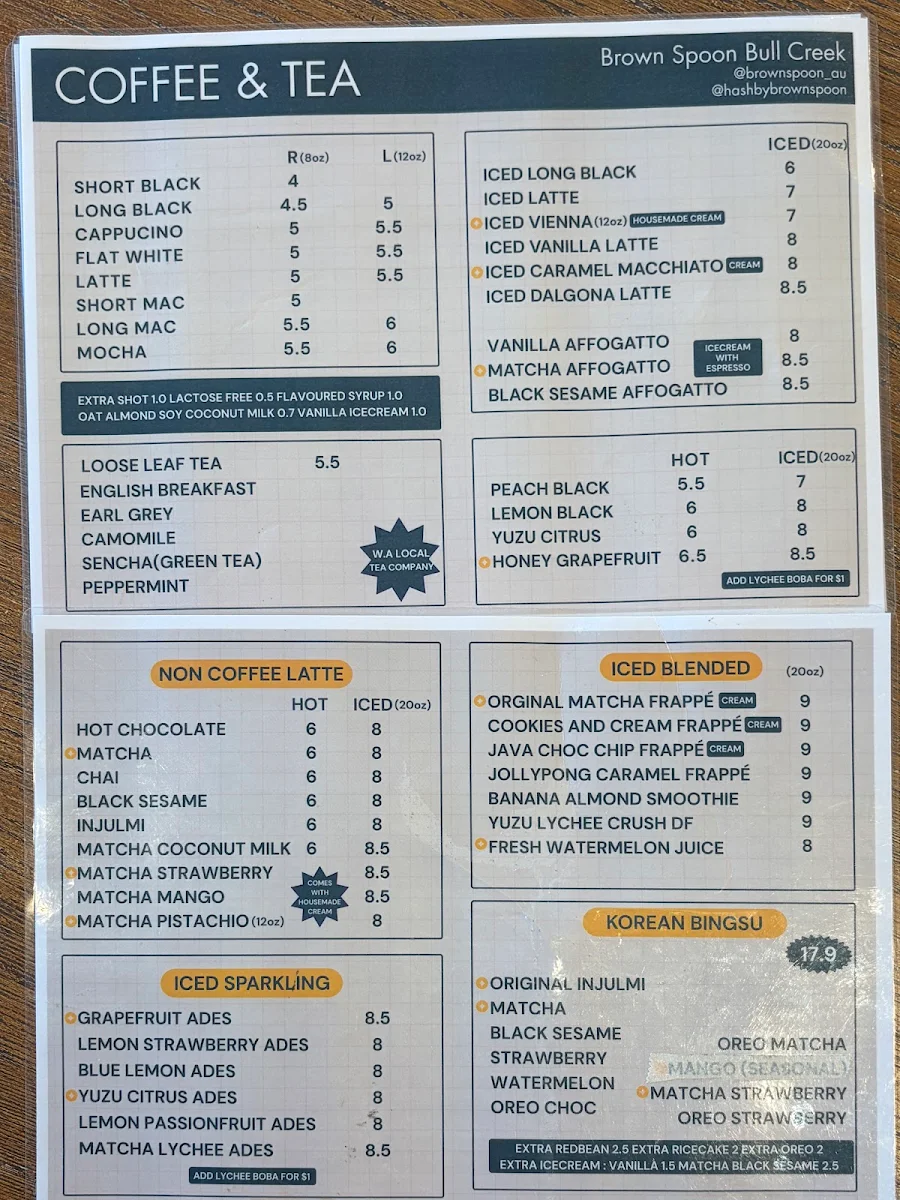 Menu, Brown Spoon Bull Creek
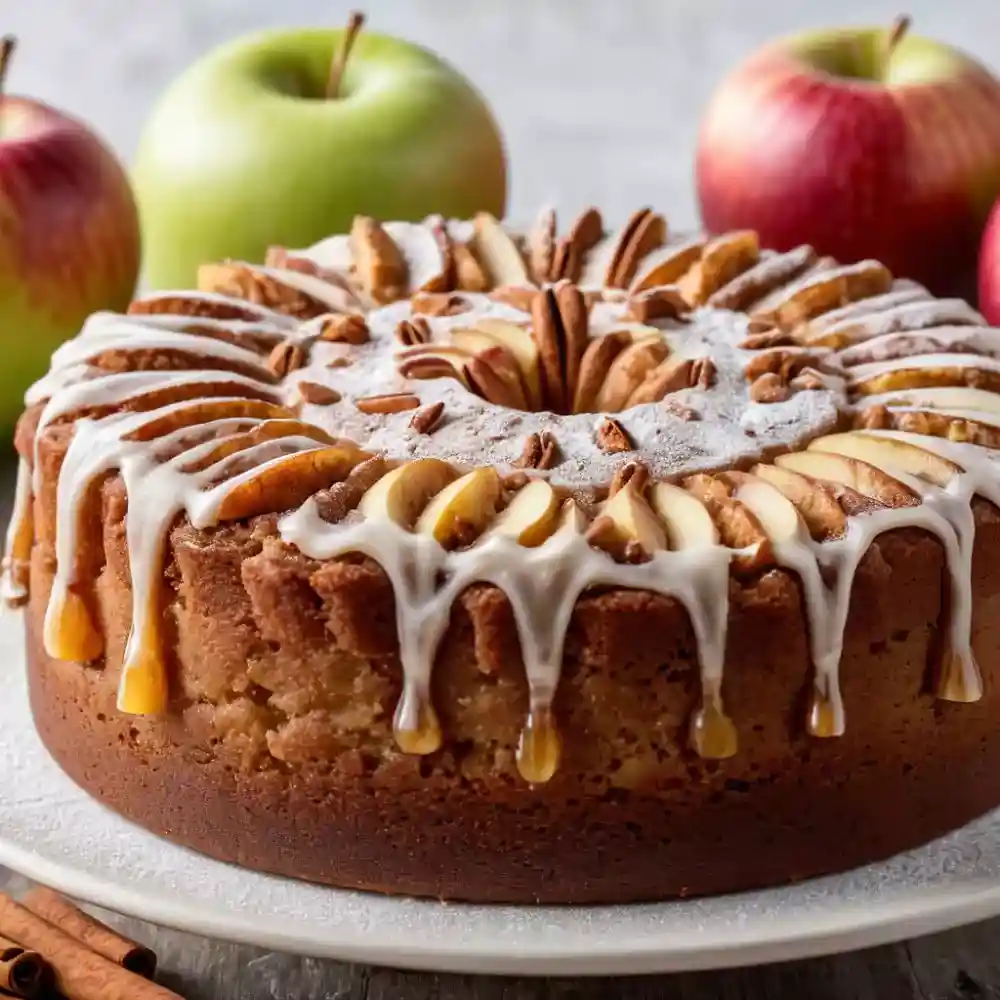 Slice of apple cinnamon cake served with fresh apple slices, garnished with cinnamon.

***

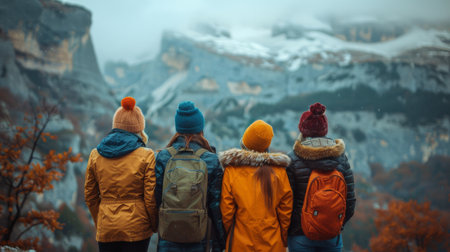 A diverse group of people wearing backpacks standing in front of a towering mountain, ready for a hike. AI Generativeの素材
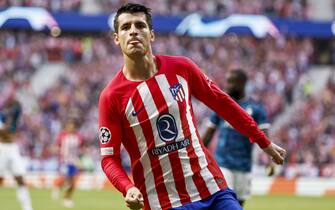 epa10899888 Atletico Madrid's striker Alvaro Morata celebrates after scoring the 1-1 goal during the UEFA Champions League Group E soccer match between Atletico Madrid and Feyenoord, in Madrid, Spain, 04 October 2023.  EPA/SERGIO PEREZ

***

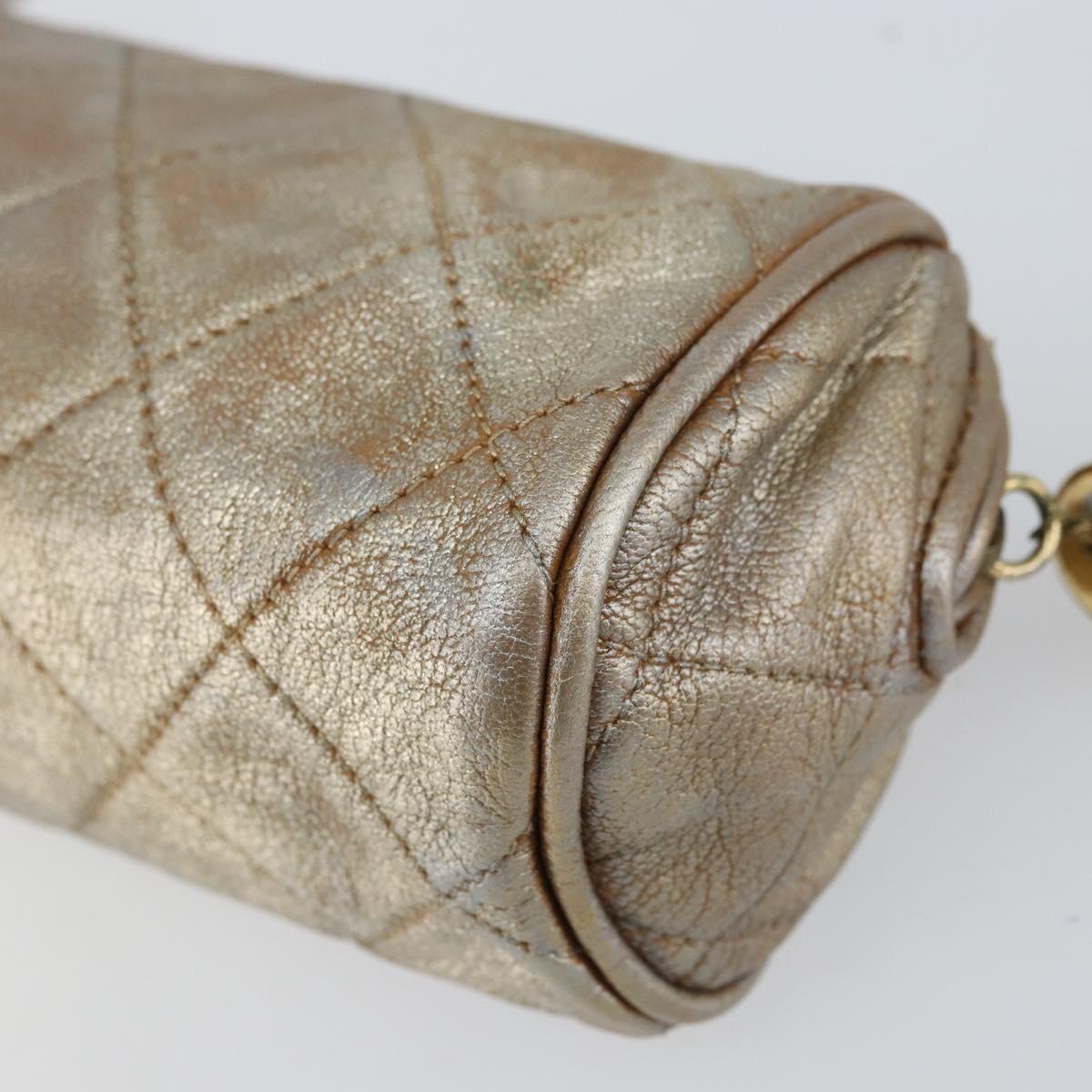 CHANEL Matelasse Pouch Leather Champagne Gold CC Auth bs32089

***

Each line above that falls between the line with "Menu, Brown Spoon Bull Creek" and the line with "Slice of apple" should be printed exactly, together with those two lines, but the pictures should not.

## Answer space
 Menu, Brown Spoon Bull Creek
 Slice of apple cinnamon cake served with fresh apple slices, garnished with cinnamon.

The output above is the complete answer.